There is something strange about the feeling you get when seeing the Pet Shop Boys in concert. It is almost like the time between now and 1986 never passed because their stage spectacle is so unashamedly hedonistic. The only element working against the illusion of being frozen in a decade is the age of the audience and the Pet Shop Boys themselves. Naturally, the PSB draws a mixed bag of people: Trannies, young effeminate gay men in tight pants and suspenders with long, wispy bangs, the middle-aged people who just want to hear "West End Girls," and older gay gentleman established enough to afford the pit section at the Greek.
The European overtones of the show were in full effect as dancers with square-shaped heads emerged for the crowd-pleasing opener "Heart," which transitioned much too quickly into "Did You See Me Coming?" off of their latest album Yes. After "Pandemonium" mixed with traces of "Can You Forgive Her?" the Pet Shop Boys slowed it down somewhat early in the show by performing "Love Comes Quickly," but then sagely picked up the mood again with the inoculable first single off of Yes, "Love, Etc.," the lyrics of which are something out of a fairy tale as Neil touts, "Don't have to be a big bucks Hollywood star/Don't have to drive a super car to get far/Don't have to live a life of power and wealth/Don't have to be beautiful but it helps." If only there were a shred of veracity somewhere in there, but it is perhaps the only attempt the Pet Shop Boys make at letting go of the eighties philosophy of excess and emptiness held in other songs like "Two Divided By Zero" or "Domino Dancing," both also included in the set list.
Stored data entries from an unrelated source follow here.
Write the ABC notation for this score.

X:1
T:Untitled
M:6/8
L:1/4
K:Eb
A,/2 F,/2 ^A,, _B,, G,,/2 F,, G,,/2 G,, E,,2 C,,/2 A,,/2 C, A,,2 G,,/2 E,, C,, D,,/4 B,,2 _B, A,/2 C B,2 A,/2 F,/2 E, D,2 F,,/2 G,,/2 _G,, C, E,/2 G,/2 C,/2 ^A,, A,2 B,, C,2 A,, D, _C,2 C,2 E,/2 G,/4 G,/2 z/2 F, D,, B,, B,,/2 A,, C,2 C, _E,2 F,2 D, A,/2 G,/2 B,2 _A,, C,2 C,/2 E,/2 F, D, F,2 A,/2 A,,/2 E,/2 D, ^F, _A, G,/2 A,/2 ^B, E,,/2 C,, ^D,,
For some reason, the crowd went wildest when the duo performed "Go West," one of the worst singles they've ever put out. Maybe it had something to do with being in L.A. though. Actually, it was the PSB's only nod to the west coast in the entire show. Most of their songs, "New York City Boy" in particular, are geared toward the high-fashion, high-powered life of a New Yorker (pre-economic catastrophe of course). There are some songs where L.A. is mentioned casually, as in "The Way It Used To Be," when Neil mentions one of the lovers in the song getting "Culver City blues" or in "Love, Etc." when both Hollywood and Beverly Hills are referred to. At least you have to admire them for their specificity, but I won't be truly convinced that they give a shit about L.A. until they start using Echo Park in their lyrics.
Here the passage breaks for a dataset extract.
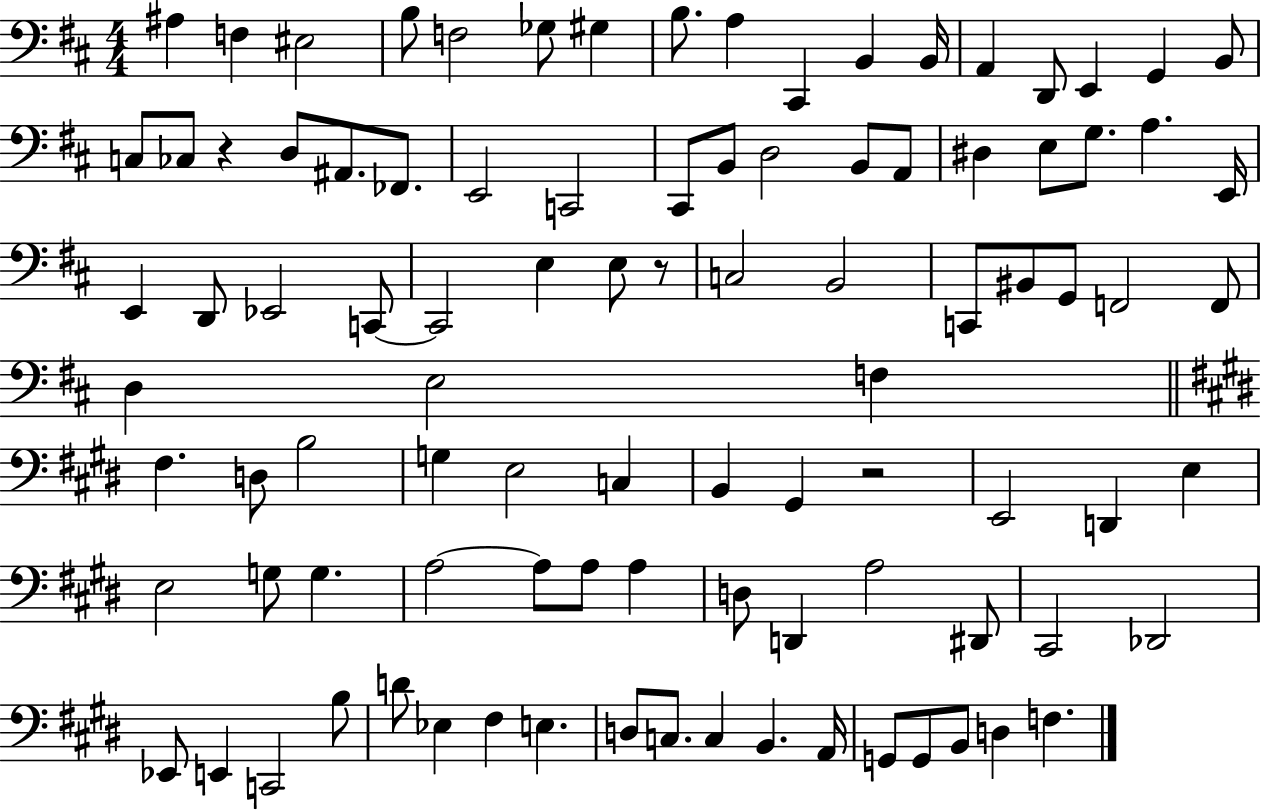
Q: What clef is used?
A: bass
In total, the synthpop dup performed twenty-two songs, some brilliantly executed, others severe blunders in judgment (namely the cover of Coldplay's "Viva La Vida"). The dash and daringness of The Pet Shop Boys is still just as strong as it ever was though, evidenced by singing "King's Cross," a slow jam with little fan appreciation. Another standout moment was the interpretive dancing of "Jealously." Don't get too excited though because it wasn't Neil and Chris doing the spurned lovers dance, but two backup dancers clad in bright red (for symbolic effect naturally).
Toward the end of the show, Neil uttered one of about three sentences said all night: "Thank you for this wonderful, hot evening at the Greek!" No matter the somewhat callous stage presence. Any faults were forgiven when the encores, "Being Boring" and "West End Girls," were performed, the former of which was actually preferable. They emerged to sing "Being Boring" in garish party hats as Neil delivered his lushest vocals of the evening to say "I never dreamt that I would get to be/The creature that I always meant to be/But I thought in spite of dreams/You'd be sitting somewhere here with me."
When it was over, I was left missing "What Have I Done To Deserve This?" and "Flamboyant," but I have no doubt the next tour will include some of the tracks overlooked in favor of promoting the Yes album. And there will be another tour--if the Pet Shop Boys' Pandemonium Tour is any indication of the flagrant stage/musical adventurousness to come.